• INFORMATION

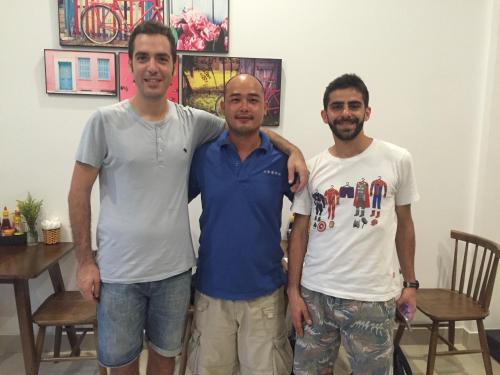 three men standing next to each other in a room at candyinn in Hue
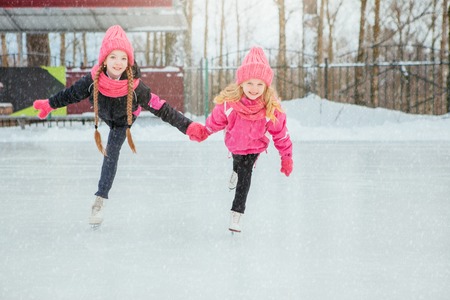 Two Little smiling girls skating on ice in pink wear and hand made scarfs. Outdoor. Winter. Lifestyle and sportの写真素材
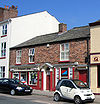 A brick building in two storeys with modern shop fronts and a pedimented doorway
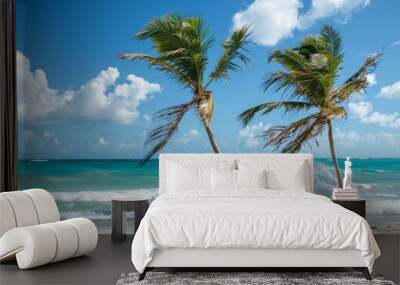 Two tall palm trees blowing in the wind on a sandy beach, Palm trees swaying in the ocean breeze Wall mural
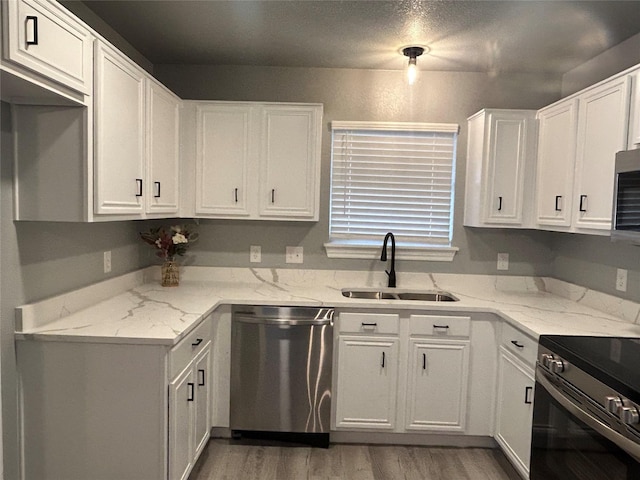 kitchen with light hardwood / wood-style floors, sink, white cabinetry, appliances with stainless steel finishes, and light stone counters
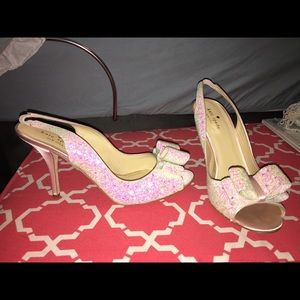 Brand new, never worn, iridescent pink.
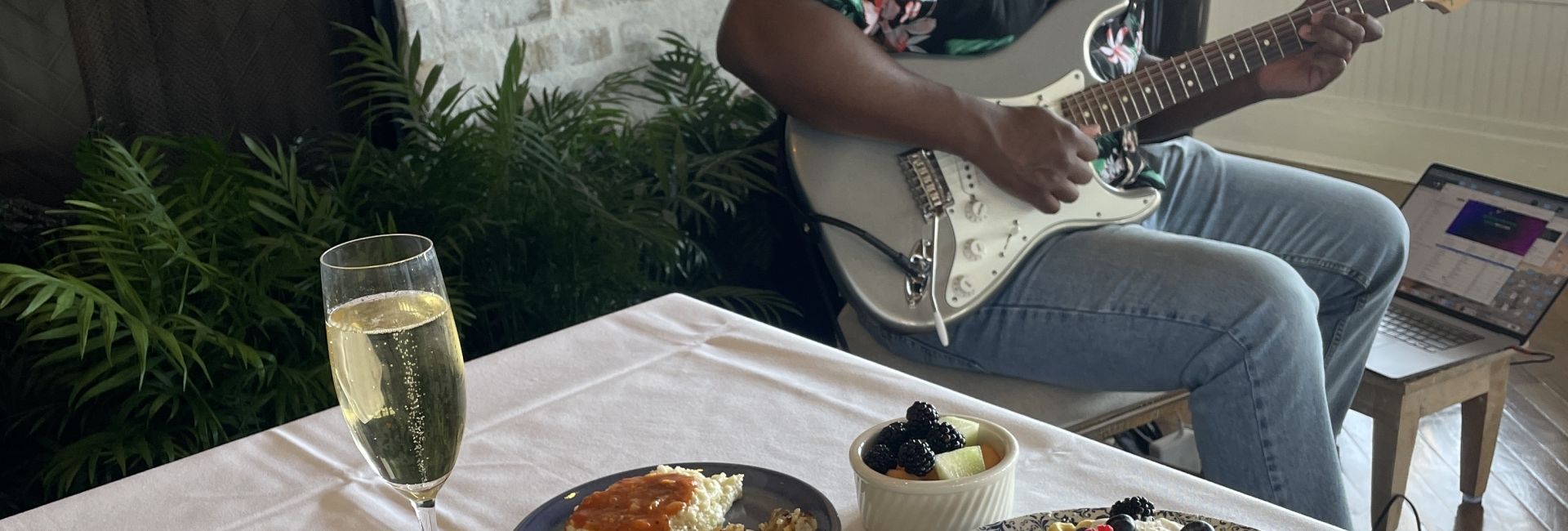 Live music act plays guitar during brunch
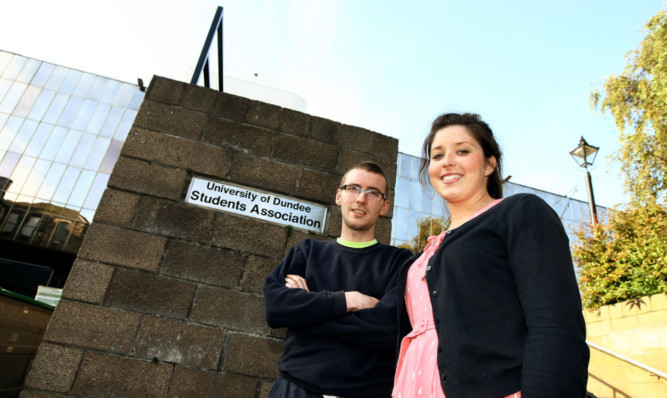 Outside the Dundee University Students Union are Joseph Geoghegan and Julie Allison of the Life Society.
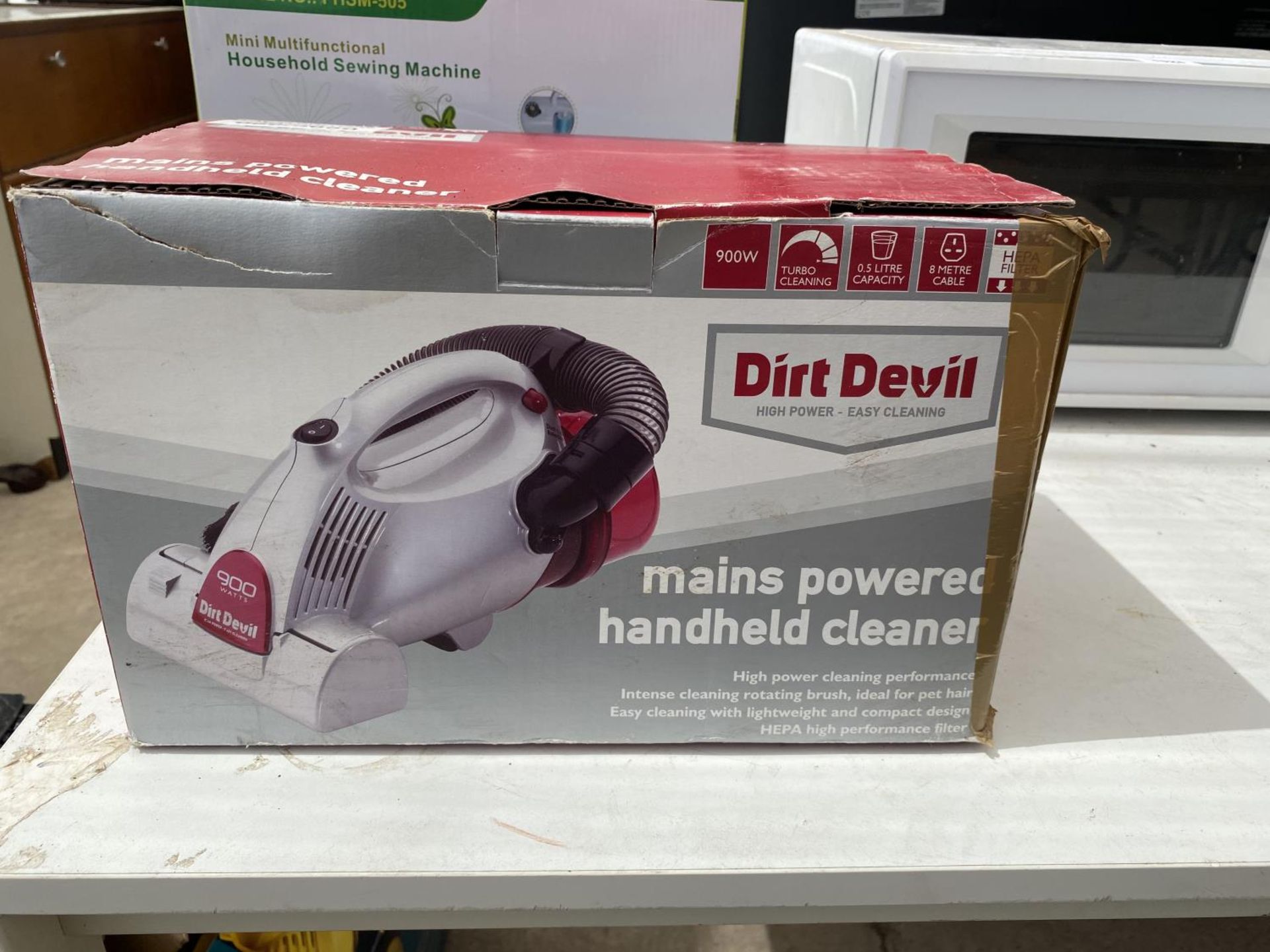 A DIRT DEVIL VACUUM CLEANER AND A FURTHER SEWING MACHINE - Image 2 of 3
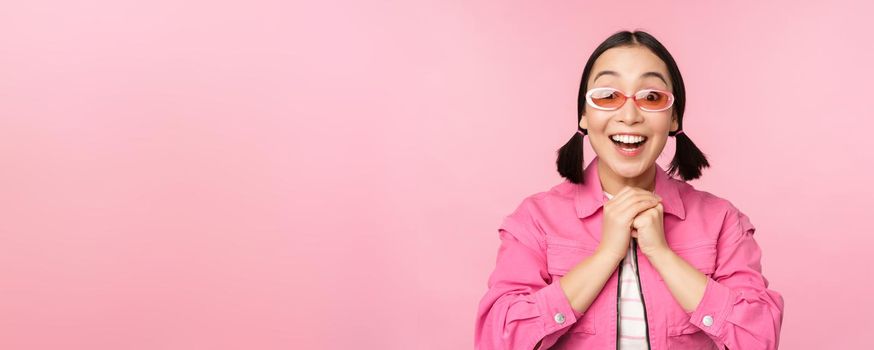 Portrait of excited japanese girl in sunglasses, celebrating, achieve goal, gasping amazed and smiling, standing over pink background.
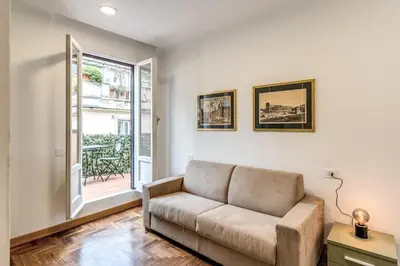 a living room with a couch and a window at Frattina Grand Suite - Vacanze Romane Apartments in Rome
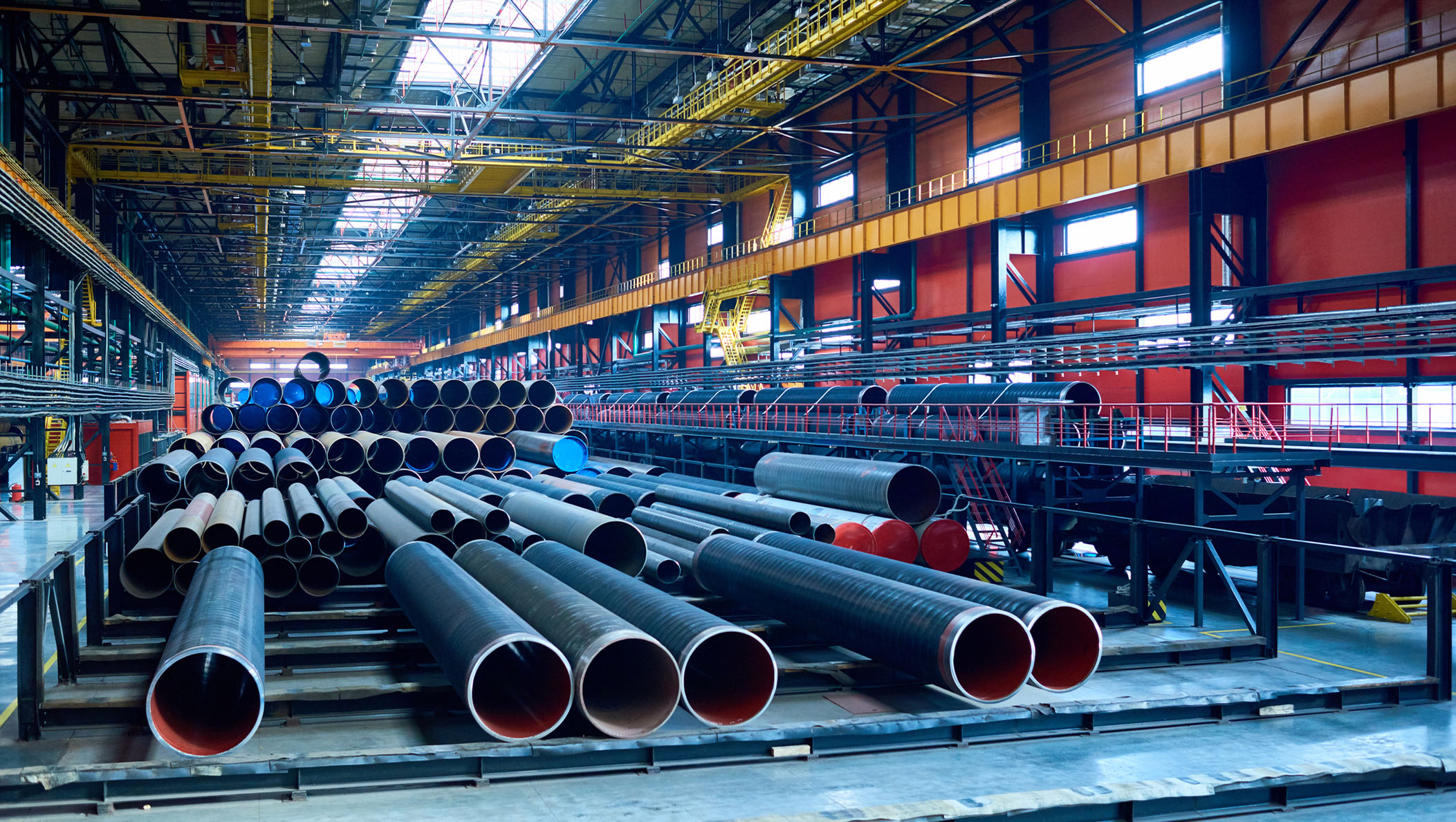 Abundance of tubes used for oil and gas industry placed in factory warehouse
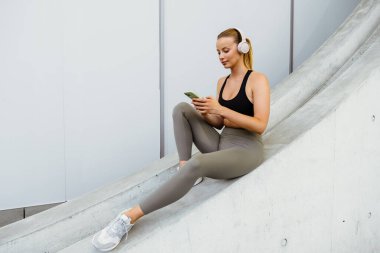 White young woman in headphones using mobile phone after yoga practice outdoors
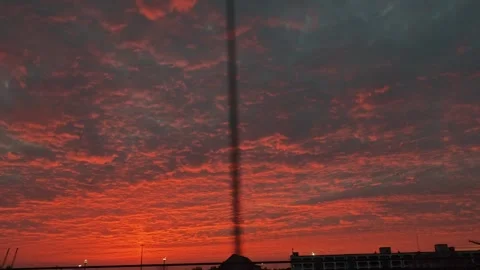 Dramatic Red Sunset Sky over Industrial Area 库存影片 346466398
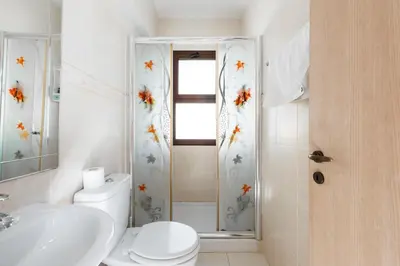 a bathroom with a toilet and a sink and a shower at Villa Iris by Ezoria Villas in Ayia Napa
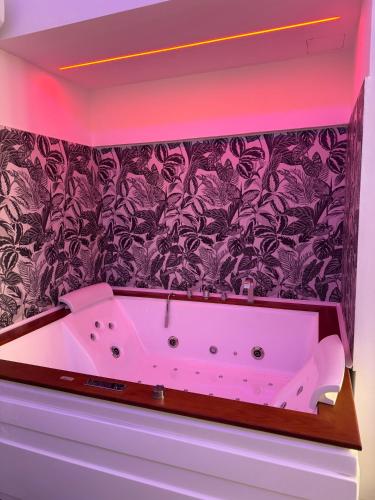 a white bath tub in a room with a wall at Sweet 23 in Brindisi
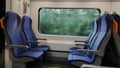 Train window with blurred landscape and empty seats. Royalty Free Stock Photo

• WHAT IS EXPECTED
Only one stretch of the material above is wanted: the line containing "White young woman" through the line containing "a bathroom with". Restate it word for word, minus the pictures.

• ANSWER BOX
 White young woman in headphones using mobile phone after yoga practice outdoors
 Dramatic Red Sunset Sky over Industrial Area 库存影片 346466398
 a bathroom with a toilet and a sink and a shower at Villa Iris by Ezoria Villas in Ayia Napa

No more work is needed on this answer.